I wanted to read Apple Tree Yard as soon as it was out last year because I’d enjoyed Louise Doughty’s earlier novel Whatever You Love so much. I didn’t really know what to expect, didn’t read any reviews, and so I was glad to find out that not only is the book very different from her earlier novel, but just as good, maybe even better.

Apple Tree Yard tells the story of an affair that goes terribly wrong. Yvonne Carmichael is in her fifties, married with two grown-up kids. She’s a scientist and very successful in her work. Her marriage could be better but yshe and her husband do get along fine. What it is that makes her follow a man and start an affair with him? Boredom? Love—or rather lust— at first sight? Maybe a bit of both.

The book opens with a prologue that gives away a lot. We know Yvonne Carmichael and her lover have been arrested and are being tried and we also know that the prosecution has found out something that could be fatal for Yvonne. I think it’s quite impressive that Louise Doughty managed to give away this much in the prologue and still was able to write a page-turner that held my interest until the last page.

What worked particularly well for me was that large parts of the story were written as if Yvonne was talking to her lover, which was intimate and eerie at the same time.

Apple Tree Yard is the third crime novel with a London setting that I’ve read this year and, once again, the setting is almost a character.

The book is a crime novel but it explores a lot of themes in a very arresting way.
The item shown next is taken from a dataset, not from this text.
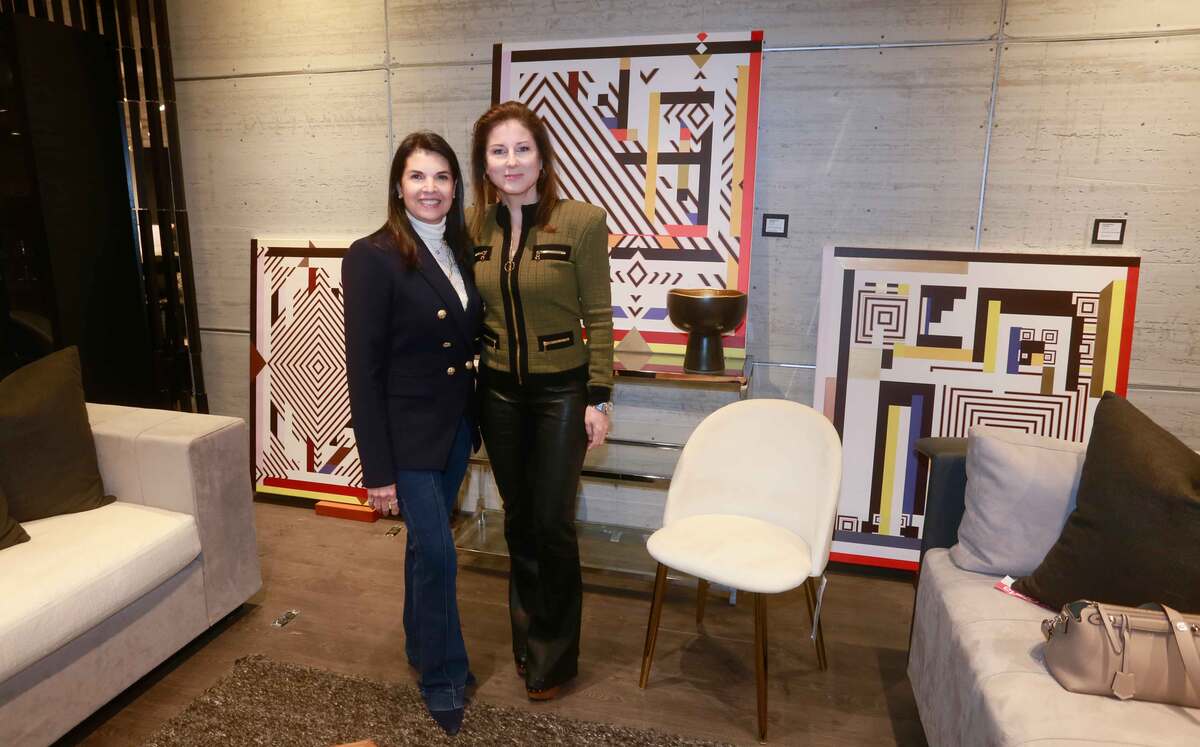 Janet Schwarz de Wapinski y Frida de  Sandler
Unfortunately mentioning some of them would really spoil the book. One theme I can mention, which is important, is the exploration of a marriage. Yvonne and her husband still share a lot but they are clearly not in love.

Apple Tree Yard is part thriller, part court-room drama, nicely paced, intricately plotted and infused with a bitter-sweet, melancholy mood that is quite rare in crime novels. A very gripping and intense novel.

 

Louise Doughty: Whatever You Love (2010)

Two police officers knock on Laura’s door and her life changes forever. They tell her that her nine-year old daughter Betty has been hit by a car and killed. When justice is slow to arrive, Laura decides to take her own revenge. 

Whatever You Love is a book of raw emotions. And that from the first moment on when we read about the police knocking on Laura’s door to inform her that her daughter Betty has been killed. Laura is a very emotional woman, she feels everything that happens to her intensely, her reactions are very physical. There are many elements in the book that made me feel uneasy.

The loss of her daughter hits Laura like a cutting knife. The pain is sharp and unbearable. And she is all alone to deal with this as her husband has left her for another woman. After Laura has seen the body of her dead little girl, we go back in time with her to the days when she first met David, Betty’s father.

The early days of their relationship are very passionate, very sexual. David is a strange man, withholding feelings and caring at the same time and also with a love for dangerous behavior like on the day when he holds Laura over a cliff. He might have slipped at any moment or let her fall. Laura is shocked and fascinated at the same time, revolted and attracted.

While  she is pregnant with their second child, David meets Chloe. At the time when Betty is killed, he is married to Chloe and they have a baby boy. The end of David’s and Laura’s marriage is ugly. There are fights and jealous outbreaks by both women. Laura gets anonymous phone calls and letters. She never tells David but she is sure they are from Chloe. Once she threatens Chloe and it stops but when Betty is killed, it starts again.

Struggling to overcome her grief, Laura relives the loss of her husband and when she finally hears that the man who killed her daughter in a hit-and run has been let go by the police, she freaks out and decides to take revenge.

From that moment on I thought I knew what was going to happen but I was quite wrong. Things turned out very different from what I expected.

I read this at super speed. I was very captivated. It is well written and has a nice pace that drags you along. There is a lot to identify with even if you have no children. It makes you think about relationships, the end of infatuation, adultery, family, raw and contradictory feelings and emotions like guilt, loss, jealousy and passion. What I liked best about the novel is the fact that there are no easy answers and the characters are complex with some very contradictory traits.